Pour un ménage ayant une installation standard de 5kWe, on parle tout de même d’un surcoût de 334 à 447 euros par an. Surcoût dont le ministre Crucke ne voulait pas entendre parler. D’où son idée d’exonérer tous les ménages ayant déjà installé des panneaux. Une idée qui a suscité pas mal de critiques (notamment du régulateur). Mais pas de quoi ébranler le libéral… jusqu’à la défection de Patricia Potigny. Son départ du MR, pour rejoindre les listes Destexhe, a rendu le gouvernement wallon minoritaire au parlement. Jean-Luc Crucke n’avait donc plus de majorité pour faire voter son texte. Et refusait d’aller mendier le vote de la rebelle Potigny ou du très à droite député Puget.

Après une (longue) négociation avec l’opposition PS-Ecolo, un consensus est intervenu, ce lundi. Le projet d’exonération du ministre Crucke a fini par être déposé en commission de l’Energie, où il doit être voté avant d’arriver devant les députés. Il était moins une, car c’était la dernière séance de commission avant la dissolution du parlement. Donc la dernière chance de faire passer un texte sous cette législature…

Verdict ? Malgré sa mise à l’ordre du jour, le texte n’a pas été voté. Les partis traditionnels ont en effet trouvé une parade pour masquer leur désaccord. La commission de l’Energie a décidé d’un commun accord… d’envoyer le texte au Conseil d’Etat, pour avis. L’instance avait en effet refusé de remettre un avis en urgence sur ce projet. Elle aura donc un peu plus de temps pour le faire. Mais comme il n’y a plus de séance de commission avant les élections du 26 mai, le dossier reviendra sur la table… après le scrutin. Et si la majorité change, il peut aussi voler aux oubliettes dès la reprise.

« Triste, mais fier »

Le ministre Crucke s’est dit « un peu triste » que son texte ne passe pas. Mais fier « de ne pas avoir transigé avec ses valeurs », en refusant de s’allier avec les députés wallons se présentant sur les listes Destexhe pour faire voter son texte.

Le « tarif prosumer » entrera donc en vigueur en 2020 pour tous les détenteurs de panneaux. En attendant de voir ce qui figurera dans l’accord de gouvernement de la future majorité wallonne…

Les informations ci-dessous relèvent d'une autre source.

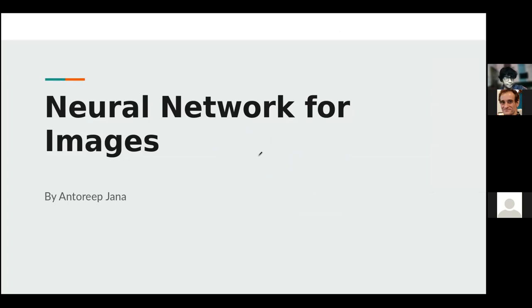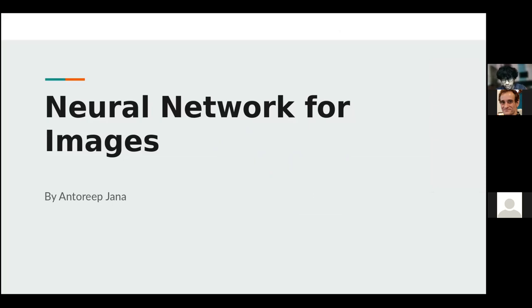Hello everybody. Welcome to neural network for images. In today's session we'll be talking about how neural networks revolutionized the industry and the domain of computer vision, entirely revolutionizing the classical image processing things which used to happen with OpenCV. And now we're using neural networks. That's the center of discussion for today.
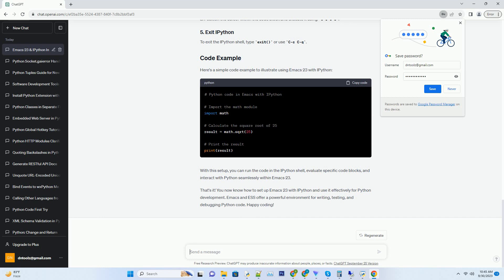You can also use CCCP as a keyboard shortcut to start the IPython shell. Now, you have a Python shell embedded within Emacs, and you can execute Python code interactively.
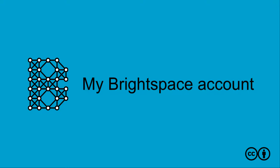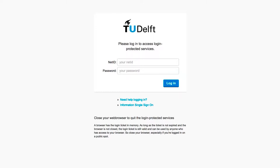My Brightspace Account. Your NetID is a TU Delft pass to many facilities, including the Brightspace platform. It will be generated automatically for employees and students.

Une solution pour liquider la bulle photovoltaïque

Par X.C.

A côté de sa défaite sur le « tarif prosumer », le ministre de l’Energie Jean-Luc Crucke a une raison d’avoir le sourire. Son projet visant à apporter une solution, à long terme, à la bulle photovoltaïque wallonne a été approuvé en commission. Selon toute logique, il devrait être définitivement voté vendredi, lors de la dernière séance plénière de la législature. Alors que ses prédécesseurs ont plutôt eu tendance à camoufler cette dette wallonne dans le placard, via des opérations de temporisation, le ministre Crucke a proposé une solution pérenne et définitive pour régler le problème. En résumé : on lisse la dette sur vingt ans, sans augmentation de la facture annuelle. C’est la banque BNP Paribas Fortis qui va prêter à la Wallonie l’argent nécessaire à liquider cette bulle. Un prêt qui sera remboursé grâce à la « surcharge Elia », déjà présente sur la facture des Wallons. Cette surcharge va même diminuer, dans un premier temps. Mais elle restera présente plus longtemps que prévu sur la facture, jusqu’à ce que l’emprunt soit totalement remboursé.